A politically active Surrey developer who has been subject to allegations of corruption on social media can have his day in court, a BC Supreme Court judge ruled last Wednesday.
Developer Bob Cheema’s defamation lawsuit against Surrey resident Brian Young can proceed, ruled Justice Heather MacNaughton, after Young applied for its dismissal by claiming Cheema was limiting his freedom of expression.
The case centres around two political allies of Surrey Mayor Doug McCallum during the October 2018 election. Young and Cheema were both helping McCallum get elected but things went sour thereafter and Young began criticizing McCallum on Twitter, including allegations that Cheema held power over the mayor, particularly with respect to the city’s police force transition.
MacNaughton had to weigh the public’s interest as to whether Young’s freedom of expression outweighed Cheema’s right to protect his reputation. MacNaughton’s ruling states there are reasonable grounds for Cheema to proceed with a trial.

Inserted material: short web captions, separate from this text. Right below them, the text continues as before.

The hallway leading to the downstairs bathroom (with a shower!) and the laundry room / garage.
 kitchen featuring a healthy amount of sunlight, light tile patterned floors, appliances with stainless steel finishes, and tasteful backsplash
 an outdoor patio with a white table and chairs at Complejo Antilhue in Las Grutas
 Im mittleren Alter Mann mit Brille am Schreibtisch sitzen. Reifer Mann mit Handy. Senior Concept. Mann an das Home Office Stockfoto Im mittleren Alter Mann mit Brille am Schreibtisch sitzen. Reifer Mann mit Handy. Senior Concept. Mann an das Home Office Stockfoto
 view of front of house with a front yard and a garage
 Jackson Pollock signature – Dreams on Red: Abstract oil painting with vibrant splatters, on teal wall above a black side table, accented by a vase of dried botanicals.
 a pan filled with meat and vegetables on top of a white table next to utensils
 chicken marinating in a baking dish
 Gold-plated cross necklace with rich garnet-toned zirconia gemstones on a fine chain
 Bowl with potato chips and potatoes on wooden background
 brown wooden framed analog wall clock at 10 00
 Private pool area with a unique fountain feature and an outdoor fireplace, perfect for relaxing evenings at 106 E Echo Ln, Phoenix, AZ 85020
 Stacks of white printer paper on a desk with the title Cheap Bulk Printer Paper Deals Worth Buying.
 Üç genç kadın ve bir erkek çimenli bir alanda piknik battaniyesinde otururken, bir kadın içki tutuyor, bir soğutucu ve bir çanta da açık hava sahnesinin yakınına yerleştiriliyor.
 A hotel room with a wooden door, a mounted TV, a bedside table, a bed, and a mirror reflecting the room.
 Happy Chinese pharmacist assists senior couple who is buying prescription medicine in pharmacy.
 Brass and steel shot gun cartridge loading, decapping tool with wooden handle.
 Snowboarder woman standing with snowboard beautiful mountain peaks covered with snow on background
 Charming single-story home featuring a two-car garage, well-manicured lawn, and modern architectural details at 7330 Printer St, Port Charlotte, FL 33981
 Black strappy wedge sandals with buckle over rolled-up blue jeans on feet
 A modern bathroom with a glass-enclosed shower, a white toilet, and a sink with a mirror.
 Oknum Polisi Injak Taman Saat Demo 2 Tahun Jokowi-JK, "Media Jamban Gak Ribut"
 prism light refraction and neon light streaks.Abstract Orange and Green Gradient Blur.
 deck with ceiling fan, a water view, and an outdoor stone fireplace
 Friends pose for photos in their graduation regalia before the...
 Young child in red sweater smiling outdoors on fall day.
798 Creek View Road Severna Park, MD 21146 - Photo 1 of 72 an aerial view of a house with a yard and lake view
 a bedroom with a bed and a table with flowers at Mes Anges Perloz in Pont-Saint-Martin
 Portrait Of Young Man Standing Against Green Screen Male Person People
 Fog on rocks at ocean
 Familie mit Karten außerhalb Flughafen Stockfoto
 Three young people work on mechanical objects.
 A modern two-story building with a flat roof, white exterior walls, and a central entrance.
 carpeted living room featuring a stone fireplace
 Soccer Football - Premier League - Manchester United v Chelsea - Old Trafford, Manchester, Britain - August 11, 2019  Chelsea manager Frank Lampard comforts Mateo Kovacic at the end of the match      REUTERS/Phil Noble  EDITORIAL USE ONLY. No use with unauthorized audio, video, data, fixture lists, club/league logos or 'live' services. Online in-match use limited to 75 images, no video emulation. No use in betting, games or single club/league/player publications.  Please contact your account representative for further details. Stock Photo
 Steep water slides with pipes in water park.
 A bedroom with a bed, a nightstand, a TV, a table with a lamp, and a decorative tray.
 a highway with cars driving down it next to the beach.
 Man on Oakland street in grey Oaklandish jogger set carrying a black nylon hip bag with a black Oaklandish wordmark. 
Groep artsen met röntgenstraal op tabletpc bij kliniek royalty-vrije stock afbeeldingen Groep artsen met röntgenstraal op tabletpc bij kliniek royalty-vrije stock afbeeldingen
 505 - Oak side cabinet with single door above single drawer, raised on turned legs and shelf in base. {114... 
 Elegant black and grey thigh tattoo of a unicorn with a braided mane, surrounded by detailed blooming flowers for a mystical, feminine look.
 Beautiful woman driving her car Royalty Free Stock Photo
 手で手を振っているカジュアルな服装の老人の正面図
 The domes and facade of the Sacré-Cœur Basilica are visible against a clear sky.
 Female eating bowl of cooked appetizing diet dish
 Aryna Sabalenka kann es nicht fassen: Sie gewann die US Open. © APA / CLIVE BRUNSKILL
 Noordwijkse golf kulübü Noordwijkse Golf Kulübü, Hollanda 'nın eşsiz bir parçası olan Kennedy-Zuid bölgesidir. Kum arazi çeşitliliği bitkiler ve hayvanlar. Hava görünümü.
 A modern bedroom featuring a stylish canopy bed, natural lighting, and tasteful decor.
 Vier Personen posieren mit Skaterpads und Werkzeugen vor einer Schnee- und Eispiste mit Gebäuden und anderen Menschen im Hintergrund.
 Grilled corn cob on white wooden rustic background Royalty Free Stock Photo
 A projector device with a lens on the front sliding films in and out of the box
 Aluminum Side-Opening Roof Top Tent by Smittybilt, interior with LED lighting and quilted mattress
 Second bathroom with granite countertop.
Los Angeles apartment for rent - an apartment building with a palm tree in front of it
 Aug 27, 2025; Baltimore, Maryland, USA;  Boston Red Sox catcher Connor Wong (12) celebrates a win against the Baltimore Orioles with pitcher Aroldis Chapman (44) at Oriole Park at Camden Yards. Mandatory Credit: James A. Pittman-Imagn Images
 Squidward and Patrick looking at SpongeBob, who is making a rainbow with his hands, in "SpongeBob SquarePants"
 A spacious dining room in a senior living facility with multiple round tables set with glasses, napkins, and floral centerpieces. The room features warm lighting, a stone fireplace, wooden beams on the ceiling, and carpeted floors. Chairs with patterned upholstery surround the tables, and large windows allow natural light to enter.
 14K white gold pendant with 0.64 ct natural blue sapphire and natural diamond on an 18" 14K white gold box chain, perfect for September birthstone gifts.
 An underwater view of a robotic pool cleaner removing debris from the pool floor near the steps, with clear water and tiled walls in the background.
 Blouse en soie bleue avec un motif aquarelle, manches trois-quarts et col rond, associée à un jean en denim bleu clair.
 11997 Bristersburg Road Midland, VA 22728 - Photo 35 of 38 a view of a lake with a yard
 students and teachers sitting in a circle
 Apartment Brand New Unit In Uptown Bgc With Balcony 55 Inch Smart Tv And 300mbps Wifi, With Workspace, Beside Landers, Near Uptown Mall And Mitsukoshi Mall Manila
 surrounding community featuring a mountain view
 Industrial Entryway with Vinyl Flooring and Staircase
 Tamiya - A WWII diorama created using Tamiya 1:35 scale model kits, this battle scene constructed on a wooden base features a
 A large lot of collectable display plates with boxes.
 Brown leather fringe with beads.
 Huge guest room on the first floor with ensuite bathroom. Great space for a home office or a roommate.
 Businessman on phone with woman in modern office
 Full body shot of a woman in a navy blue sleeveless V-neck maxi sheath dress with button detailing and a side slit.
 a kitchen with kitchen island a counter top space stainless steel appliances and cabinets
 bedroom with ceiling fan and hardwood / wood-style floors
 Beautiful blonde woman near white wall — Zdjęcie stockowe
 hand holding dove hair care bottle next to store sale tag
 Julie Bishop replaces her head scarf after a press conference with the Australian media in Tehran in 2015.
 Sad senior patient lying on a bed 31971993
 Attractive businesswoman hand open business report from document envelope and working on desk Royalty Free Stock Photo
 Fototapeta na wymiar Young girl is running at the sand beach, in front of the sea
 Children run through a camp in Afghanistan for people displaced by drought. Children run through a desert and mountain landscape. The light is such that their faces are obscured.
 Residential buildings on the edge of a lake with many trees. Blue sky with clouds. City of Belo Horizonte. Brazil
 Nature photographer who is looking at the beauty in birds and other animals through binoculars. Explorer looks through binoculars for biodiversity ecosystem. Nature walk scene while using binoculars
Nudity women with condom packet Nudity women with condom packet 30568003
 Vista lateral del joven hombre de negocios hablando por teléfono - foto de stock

“I am satisfied that Mr. Cheema has established, on a balance of probabilities, that the harm he has suffered or is likely to suffer as a result of Mr. Young’s expression is sufficiently serious that the public interest in permitting his defamation action to continue outweighs the public interest in protecting Mr. Young’s expression,” ruled MacNaughton.
The case, added the judge, was not protected by the Protection of Public Participation Act, which seeks to limit “Strategic Lawsuits against Public Participation,” or “SLAPP” suits, which silence individuals from speaking out about matters of public interest.
Cheema has told the Court he is active in politics and helped McCallum’s campaign in 2018, although he did not directly donate money to the now mayor, who he describes as a friend. Young, a businessman and community volunteer, also worked on McCallum’s campaign. The two are said to have not known each other well but they did exchange phone calls and text messages up to the election.
Young claims in an affidavit Cheema told him, prior to the election, that he controls South Asian local media, had spent $300,000 on the Safe Surrey Coalition campaign — but is only “in the back room” — and that he had a preferred choice for a police chief.
“At its heart, the ‘sting’ of Mr. Young’s comments is an allegation of dishonesty, underhanded dealing and corruption,” wrote MacNaughton.
In early 2019, after public criticism of McCallum’s handling of the police force transition increased in the public realm, Young took to Twitter claiming Cheema was influencing decisions for the new police force. Young refers to Cheema as McCallum’s “master.”
On June 3, 2019, Cheema filed a lawsuit, after he says he approached Young, via his lawyer, to clear the air and demand an apology and retraction of certain Twitter comments.
Cheema says Young’s attacks have caused him depression and social isolation, and that he has paused his business interests in Surrey.
While the judge noted Young was commenting on matters of public interest, “gratuitously adding comments about Mr. Cheema, suggesting improper influence and bullying of Mayor McCallum and the council, abuse of power and financial malfeasance by an unelected person, does not cloak the comments with the protection of public discourse on those matters.”
As such, Cheema’s claim has merit, ruled MacNaughton, adding Young has, so far, lacked evidence to support some of his claims and that he was not speaking from a position of privilege on the matters at hand.
“The appropriate balance in this case, between freedom of expression and the protection of reputation, is to allow Mr. Cheema’s actions to proceed and allow Mr. Cheema an opportunity to establish that he is not the person Mr. Young wrote about.”
Meanwhile, Cheema is also suing city councillor Jack Hundial, who, in September 2019, also raised the specter that Cheema was closely tied to political decisions made by McCallum.
That claim originates from a motion tabled by Hundial at a Sep. 16 council meeting, in which Hundial asked for more information about an apparent meeting Cheema had on Nov. 2, 2018, with then mayor-elect McCallum and B.C. Solicitor General Mike Farnworth. Cheema was listed as attending the meeting on Farnworth’s calendar, but a spokesperson for Farnworth’s office subsequently denied Cheema attended; instead, the spokesperson said Cheema’s name was referenced in the calendar as he was the one who “reached out” to book the meeting that was described as one to discuss “traffic fine revenue sharing.”